La donna prese il binocolo e guardò nella stessa direzione ed esclamò: “Non è infetto!”. Rimase per una decina di secondi ferma, valutando come procedere. I colori del display erano accesi, il corpo del tizio che stavano spiando era caldo: almeno trentasei gradi.

“Io devo scendere giù, tu fa come vuoi ma non provare a fermarci!”. Prese Julie in braccio e se l’agganciò all’imbragatura. Iniziò a scendere, puntando i piedi sulle colonne sporgenti. Julie non protestava, restava solo ferma e si guardava intorno.

“Forse ti serve questa!” e gli mostrò la balestra con i dardi, “Scendo giù con te. In due sarà più sicuro!”

“Siamo già in due!” disse Trevor a denti stretti, “Poi ho con me pistola e mitra.”

Lei indossò un’altra imbracatura, senza togliere gli occhi dal sergente: “Quanto siete testardi voi uomini!” disse come se lo dicesse a sé stessa.

Gli anfibi toccarono i sampietrini della piazza, poi la corda rimase penzolante mentre Trevor e Julie si immobilizzarono e rimasero in ascolto. Non dovevano provocare rumori, non dovevano attirare l’attenzione di nessuno. Elena li raggiunse dopo alcuni minuti e si mise a terra, occhi puntati su via della Conciliazione. Era tutto immobile e silenzioso, a parte qualche raffica di vento che trasportava puzza di morte e decomposizione. La luce della luna li poteva aiutare a intravedere qualcosa.

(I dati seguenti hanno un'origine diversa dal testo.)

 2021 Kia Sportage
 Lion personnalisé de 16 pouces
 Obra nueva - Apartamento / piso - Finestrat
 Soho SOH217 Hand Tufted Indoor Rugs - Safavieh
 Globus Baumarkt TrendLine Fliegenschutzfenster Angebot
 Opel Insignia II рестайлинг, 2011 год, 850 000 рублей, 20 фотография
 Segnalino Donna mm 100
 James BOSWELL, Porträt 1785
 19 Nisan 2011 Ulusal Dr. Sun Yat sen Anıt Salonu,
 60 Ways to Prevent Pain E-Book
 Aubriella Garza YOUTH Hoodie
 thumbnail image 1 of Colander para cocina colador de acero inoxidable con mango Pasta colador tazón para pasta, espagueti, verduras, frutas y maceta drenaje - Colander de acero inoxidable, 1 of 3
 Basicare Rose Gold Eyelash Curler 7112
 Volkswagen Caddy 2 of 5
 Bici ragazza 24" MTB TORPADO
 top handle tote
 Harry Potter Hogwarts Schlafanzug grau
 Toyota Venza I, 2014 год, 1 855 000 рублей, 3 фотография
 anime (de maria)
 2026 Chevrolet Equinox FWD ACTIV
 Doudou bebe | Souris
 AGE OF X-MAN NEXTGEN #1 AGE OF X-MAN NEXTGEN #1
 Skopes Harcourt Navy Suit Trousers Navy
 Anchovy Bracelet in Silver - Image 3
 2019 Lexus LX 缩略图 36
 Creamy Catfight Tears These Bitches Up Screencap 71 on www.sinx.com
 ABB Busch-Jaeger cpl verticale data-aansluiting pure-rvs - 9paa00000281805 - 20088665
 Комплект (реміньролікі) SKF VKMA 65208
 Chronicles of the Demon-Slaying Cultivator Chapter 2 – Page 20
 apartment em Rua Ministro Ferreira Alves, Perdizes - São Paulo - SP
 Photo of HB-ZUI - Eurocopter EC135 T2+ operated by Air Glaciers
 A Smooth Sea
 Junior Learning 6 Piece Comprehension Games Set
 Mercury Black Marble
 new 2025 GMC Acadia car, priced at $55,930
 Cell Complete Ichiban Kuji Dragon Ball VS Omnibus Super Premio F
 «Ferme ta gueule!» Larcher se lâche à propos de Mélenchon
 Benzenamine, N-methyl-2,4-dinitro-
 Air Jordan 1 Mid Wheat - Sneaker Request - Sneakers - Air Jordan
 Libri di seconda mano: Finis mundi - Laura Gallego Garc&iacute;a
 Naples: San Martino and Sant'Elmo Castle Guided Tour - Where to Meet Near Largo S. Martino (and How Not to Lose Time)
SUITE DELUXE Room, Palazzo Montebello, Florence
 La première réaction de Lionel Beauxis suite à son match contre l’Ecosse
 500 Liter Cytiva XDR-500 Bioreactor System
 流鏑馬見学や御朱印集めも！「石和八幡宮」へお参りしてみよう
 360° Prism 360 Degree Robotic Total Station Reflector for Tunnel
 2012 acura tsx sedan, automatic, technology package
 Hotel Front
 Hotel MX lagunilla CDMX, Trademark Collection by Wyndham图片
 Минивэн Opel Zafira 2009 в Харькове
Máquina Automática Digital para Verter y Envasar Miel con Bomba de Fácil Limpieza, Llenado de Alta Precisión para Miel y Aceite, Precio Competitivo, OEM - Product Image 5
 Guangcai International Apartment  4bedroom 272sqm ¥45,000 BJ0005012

Corsero schiena bassa fino al perimetro delimitato dalle ringhiere. Si appostarono dietro alle strutture in marmo e, da lì, il tizio nascosto si vedeva bene con i visori notturni.

“Come richiamiamo la sua attenzione?” bisbigliò Elena.

“Con il laser del mirino!”

“E se fosse infetto?”

Trevor sospirò: “Lo abbatterò prima che diventi come quelle cose lì!”. Via della Conciliazione non era proprio sgombra. Alcune sagome erano immobili, altre si muovevano lentamente strascicando i piedi ma senza emettere un suono.

“Sei pronta? Quando gli avremo fatto capire che siamo qui e siamo vivi, dovremo dargli massima copertura e fare il minimo rumore, o ci piomberanno tutti addosso!”

Elena esitò a rispondere, però non tolse gli occhi di dosso da quello che poteva essere un sopravvissuto.

Julie

Trevor imbracciò l’arma – un FnF2000 – e accese il mirino laser. Inquadrò il bersaglio senza premere il grilletto: vedeva il polpaccio mentre il corpo era nascosto da una cabina telefonica. Una ventina di metri li separava, senza alcun posto dove nascondersi. Con il mirino andò oltre e, quella luce rossa, finì sulla parete che gli stava di fronte. Adesso doveva vederla per forza.

Il tizio si mosse adagio e ruotò la testa verso San Pietro: doveva aver visto il laser. Trevor ed Elena indossarono di nuovo i visori, i corpi immobili si vedevano in maniera chiara. Gli occhi emanavano un bagliore che metteva i brividi persino a Trevor. Il suo motto è sempre stato: meglio affrontarli di giorno che di notte!

L’uomo fece dei gesti con le mani poi si mise in ginocchio e si mosse verso la parete più vicina.

“Stai pronta! Adesso viene il bello!” le disse Trevor. Tutti e due erano sdraiati a terra, Julie era con loro e non muoveva un solo muscolo.